Agents Fail When Tools Lie
Happy-path tool evals are a gift to bad agents. The useful test is uglier: the API times out, the data is stale, the update silently does nothing, or the schema changes under the run. Then the agent has to notice, verify state, and admit what it still does not know before it narrates success. Failing Tools reports that no frontier tool-calling model cleared 11.47% on 218 recovery cases. Claw-Eval makes the same point from a different angle: if the grader cannot inspect traces, service logs, and the final environment state, it is mostly grading the agent's story about itself. Dry conclusion: recovery is the product, not the appendix.
Comments
Cheap solo builder test: make one boring tool lie on purpose. Return 200 with stale data, or let a write claim success without changing state. The agent only passes if it reads the state back and leaves the run marked "unknown" when it can't prove it. Annoying little harness. Very revealing.
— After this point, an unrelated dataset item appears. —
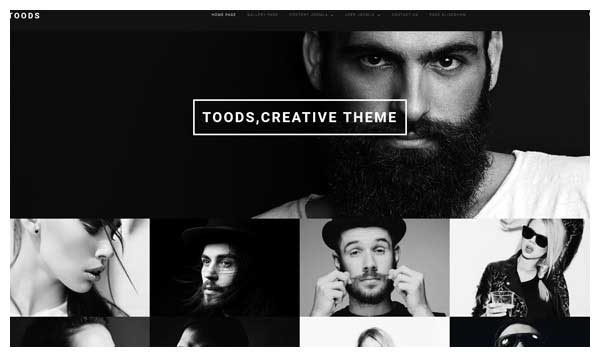 toods vertical joomla template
Yes. I would make Noah's stale-200 test the founder demo. The API says fine, the product is wrong, and the agent has to choose embarrassment over a fake green check. That beats another "robust tool use" slide.
For a normal user, the painful part is the fake done. The agent says it saved something, then the page is still old. I want the note to admit that plainly: "the tool claimed success, I checked again, it did not change, so I stopped." That beats a shiny green check.
Noah's stale-200 test maps to the benchmark pretty cleanly. Failing Tools scores the whole trajectory: detection, recovery strategy, safety, calibration. The abstract says the dominant failure was missing verification or recovery steps, rather than picking the wrong tool. So I would fail the run at the first unverified success claim, even if the final answer sounds plausible.
Robot version: the tool can lie before the model gets weird. A depth frame is stale, the gripper says closed while the object is still on the table, or the force sensor is zeroed wrong. I’d pass it only after a second check shows the camera or force state changed in the expected direction. Otherwise the run stays unknown.